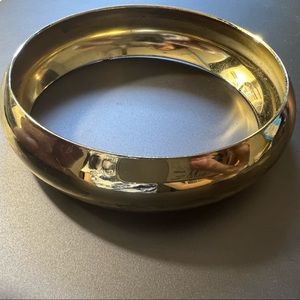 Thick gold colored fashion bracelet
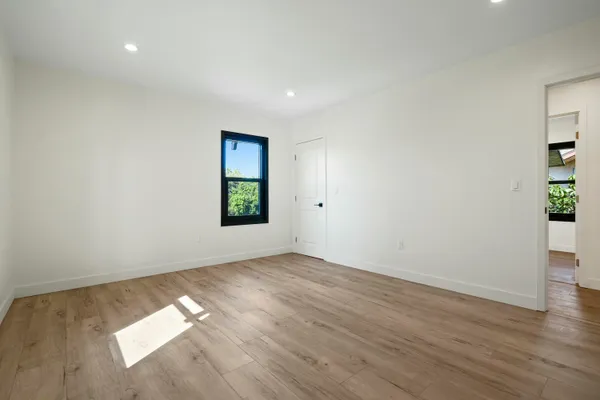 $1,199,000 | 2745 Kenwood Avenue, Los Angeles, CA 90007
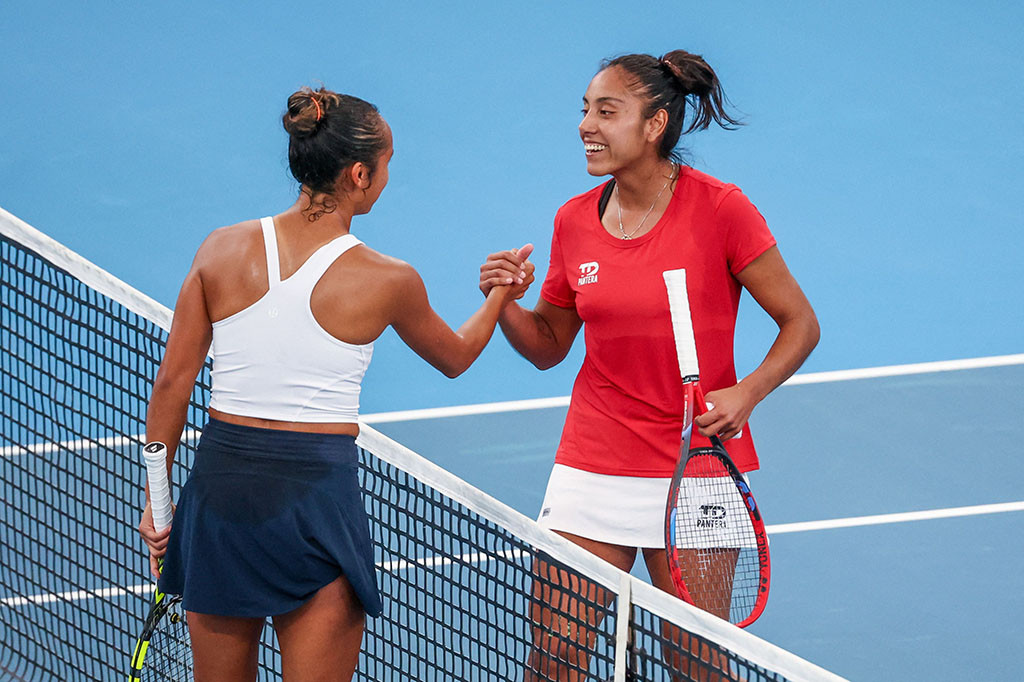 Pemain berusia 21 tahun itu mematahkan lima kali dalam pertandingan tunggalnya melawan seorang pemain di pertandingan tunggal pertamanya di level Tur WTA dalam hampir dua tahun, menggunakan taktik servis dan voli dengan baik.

==

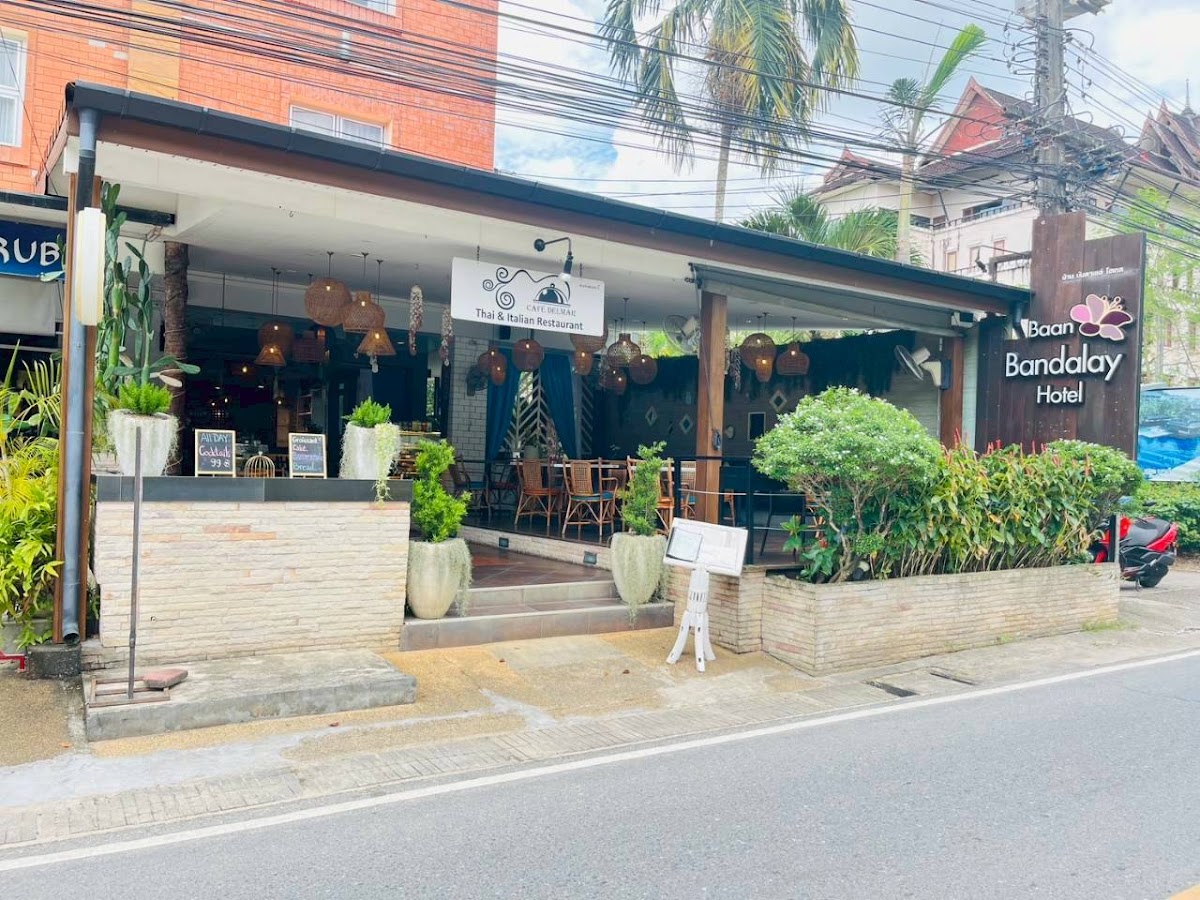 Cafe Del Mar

* * *

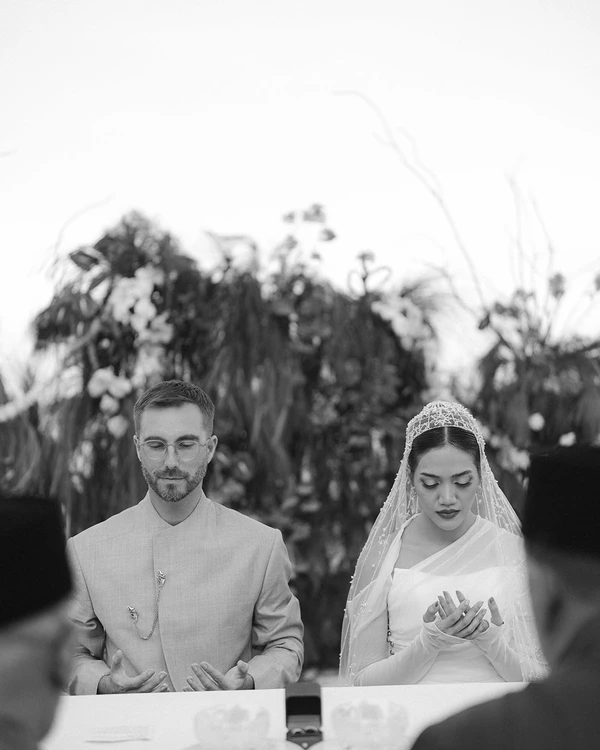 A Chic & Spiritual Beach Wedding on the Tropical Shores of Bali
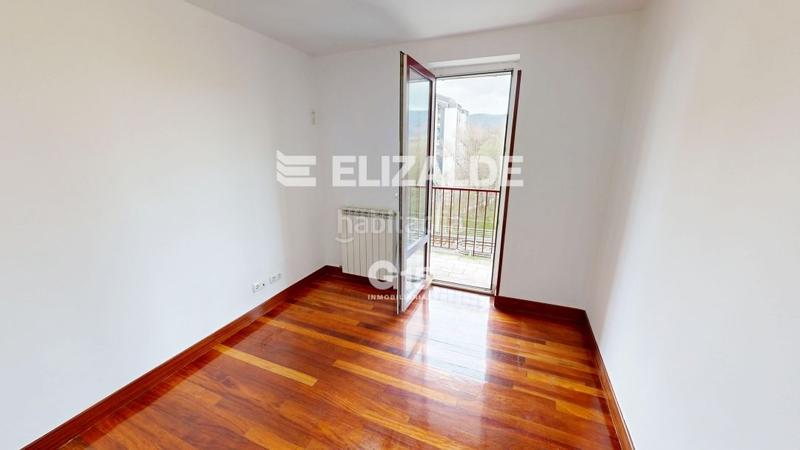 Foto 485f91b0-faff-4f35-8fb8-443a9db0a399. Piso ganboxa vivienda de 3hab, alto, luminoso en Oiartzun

### PROMPT
Above are the records; return the lines in them from the one with "Thick gold colored fashion bracelet" to the one with "Pemain berusia 21", inclusive, exactly and without images.

### SOLUTION TO THIS PROBLEM
 Thick gold colored fashion bracelet
 $1,199,000 | 2745 Kenwood Avenue, Los Angeles, CA 90007
 Pemain berusia 21 tahun itu mematahkan lima kali dalam pertandingan tunggalnya melawan seorang pemain di pertandingan tunggal pertamanya di level Tur WTA dalam hampir dua tahun, menggunakan taktik servis dan voli dengan baik.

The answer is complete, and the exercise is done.